- [What needs to be done] Except for the pictures, retype the records that follow exactly.

- [Exercise data]
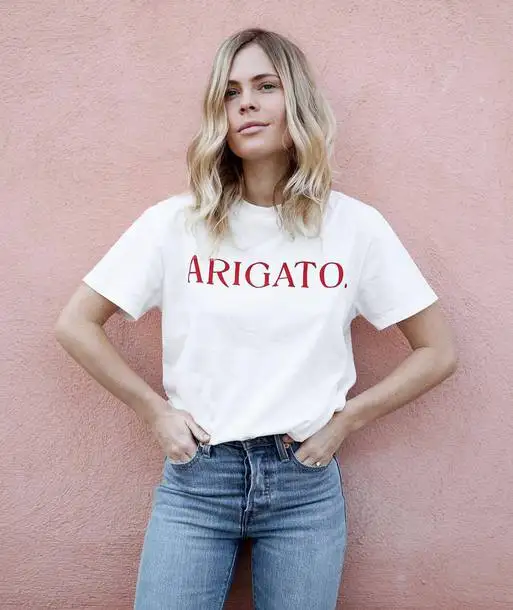 

Skuggnas ARIGATO Letter Print t shirt Unisex Harajuku Casual grunge 90s fashion tee shirt aesthetic tumblr tops camiseta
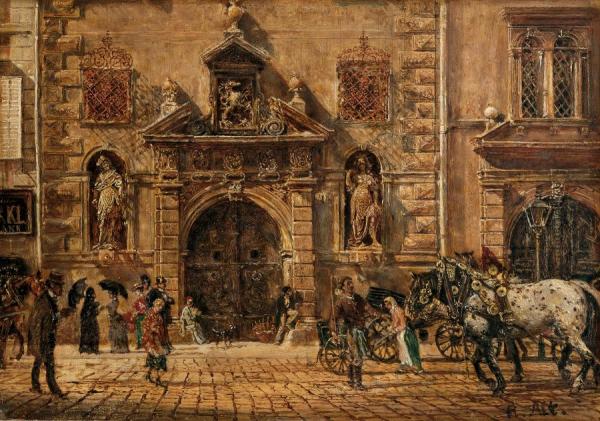 Zeughaus Von Graz,um 1885 by Rudolf Von Alt Oil Painting Reproductions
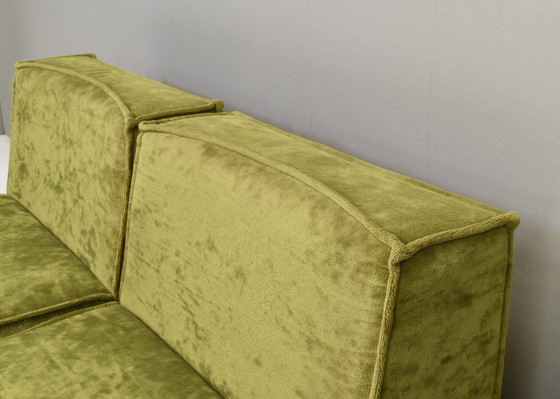 Image 1 of Vintage green velvet sectional sofa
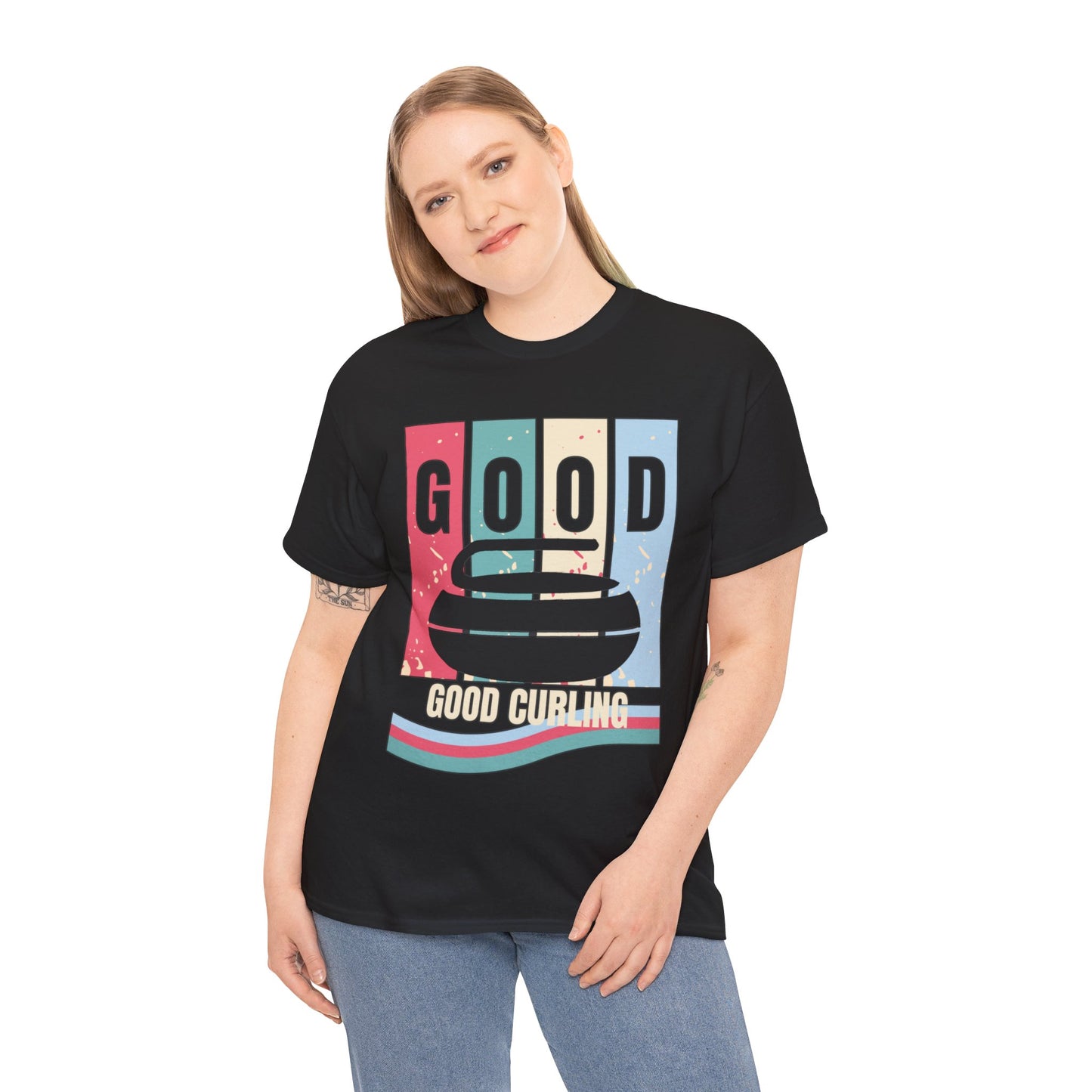 Unisex Heavy Cotton T-Shirt – Retro 4-Color Curling Pattern | Durable & Stylish Graphic Tee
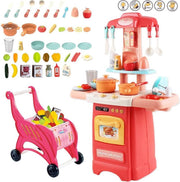 deAO 40-delige miniatuurkeuken My Little Cook Pretend keuken rollenspel set met inductiekookplaat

- [Answer to the exercise]
Skuggnas ARIGATO Letter Print t shirt Unisex Harajuku Casual grunge 90s fashion tee shirt aesthetic tumblr tops camiseta
 Zeughaus Von Graz,um 1885 by Rudolf Von Alt Oil Painting Reproductions
 Image 1 of Vintage green velvet sectional sofa
 Unisex Heavy Cotton T-Shirt – Retro 4-Color Curling Pattern | Durable & Stylish Graphic Tee
 deAO 40-delige miniatuurkeuken My Little Cook Pretend keuken rollenspel set met inductiekookplaat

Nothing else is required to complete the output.